Well, I have a dirty,little secret to share, having learned it from graduating with my bachelors last May: the keynote speaker at Commencement does not matter. Period.
There, I’ve said it. Awaiting my second graduation in a year, I’ve longed for the most notable personage to address me, someone entertaining and preferably comedic. Someone to compensate for the void of having no keynote speaker last year. Students are rightfully saying that Bond is a far cry from these criteria.
Give him credit where credit is due, though. This man has fought for racial and socioeconomic justice for decades and will likely give perspective to the class of 2008 on how far (or not far) contemporary society has come. His advice will be timely in the context of a fall semester replete with ethnically charged controversy on campus and the renewed national focus on race politics this campaign season. What better time to hear from an activist with our speaker’s background?
Then again, Bond is no James Bond, he is no Stephen Colbert and he is not even a Barack Obama. We won’t have bragging rights of a celebrity speaking at our graduation. And yet, schools with better headliners aren’t holding their exercises on the National Mall, nor do they have foreign heads of state and presidential candidates on their campus routinely throughout the school year.
None of this debate will matter much to the average senior six weeks from now. Commencement weekend is a whirlwind – trust me – and a singular speech will seem insignificant in the grand scheme of things.
Distractions abound during graduation days. Relatives are in town, move-out and move-in cause headaches, and constant meals and events bombard the schedule. At the Commencement ceremony itself, there is a large well of stress. Where do I meet up with my parents afterward? Do I really have to take a picture in this goofy, overpriced outfit? How come my cell phone isn’t working amid 20,000 other people using their phones at the same time?
To me, the speeches were the least meaningful part of the weekend. What mattered most was the alliterative trifecta of friends, family and free food. There’s nothing more important than spending time with those close to you at a milestone in your life. And there’s no better time before entering the real world to free-ride off your parents’ subsidizing of expensive meals. So, enjoy the graduation festivities, even without a celebrity headliner.
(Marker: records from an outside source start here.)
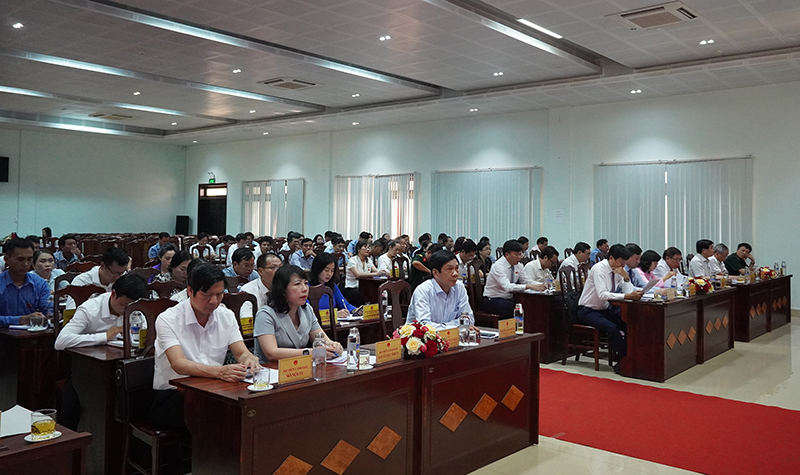 Các đại biểu tham dự kỳ họp.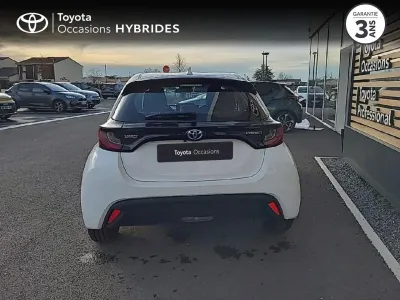 TOYOTA Yaris 116h Dynamic 5p MY22 occasion 2022 - Photo 4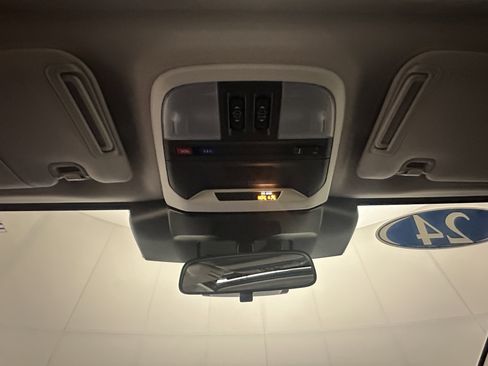 Certified 2024 Subaru Crosstrek 2.0i Premium image 16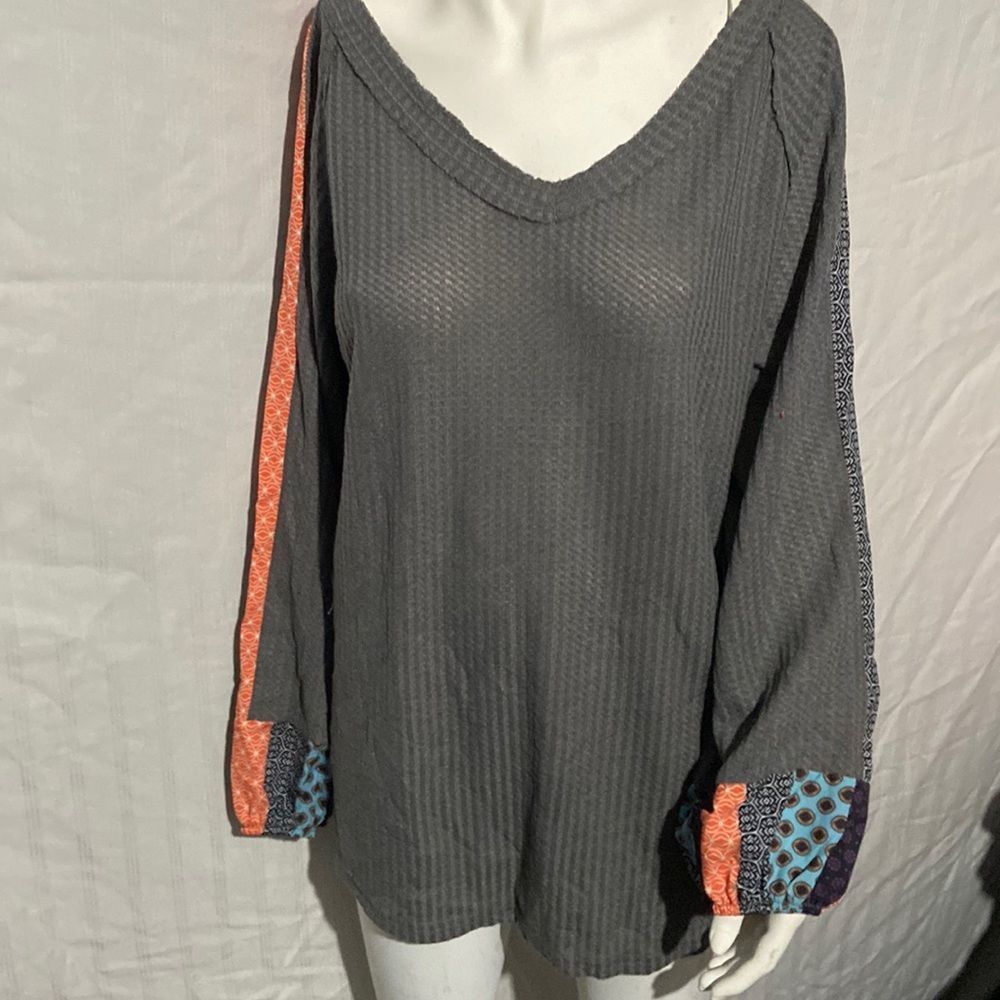 Gary eyelet thermal top v-neck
As trite as it sounds, your Commencement is going to be what you make of it. Saying the requisite goodbye to your past and looking forward toward the next phase in your life should be the focus, not some speech.
It’s been less than 11 months since my first graduation, and I can honestly not recall one specific take-away from the group of honorary degree recipients who spoke. This is coming, no less, from someone who paid attention during the ceremony and has honed his observational skills as a reporter for four years for this publication. My amnesia has company, though.
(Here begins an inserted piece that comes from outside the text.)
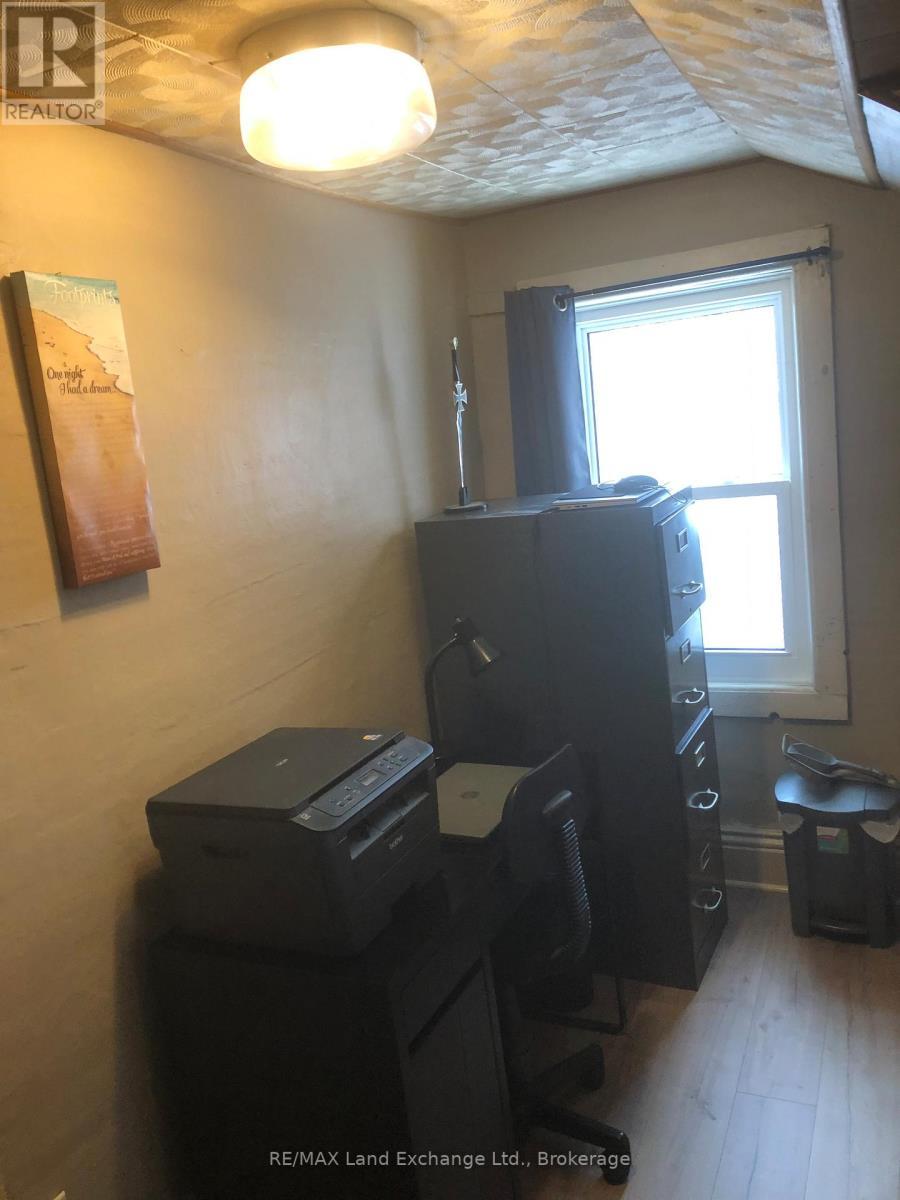 Upper Landing Office Space - 231 1St Avenue S, Arran-Elderslie, ON - Indoor Photo Showing Other Room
Robert Chernak, senior vice president of Student and Academic Support Services, has attended commencements at the universities he’s worked at for decades. His memory was also a bit fuzzy: “I can’t remember who my graduate speaker was at BU and can’t remember a word he said or she said. I think I might have had a bottle of wine under my seat or something . I remember people talking,” Chernak said in an interview last spring.
“It’s not the single event that should make it or break it in terms of a GW experience,” he added. After an investment of four years – or more – and perhaps hundreds of thousands of dollars, memories of college will gloss over how it ended. We have had eight semesters of classes, relationships, parties, mistakes and successes to ponder.
Reflect on your time in Foggy Bottom and mull over what you want to do with your life. The symbolic significance of graduation far outweighs the rhetorical significance of the graduation speech, so don’t waste away your last few weeks as an undergraduate complaining. Save that for life in the professional world or, worse yet, in grad school.
The writer, a graduate student pursuing a master’s in political management, is The Hatchet’s senior editor.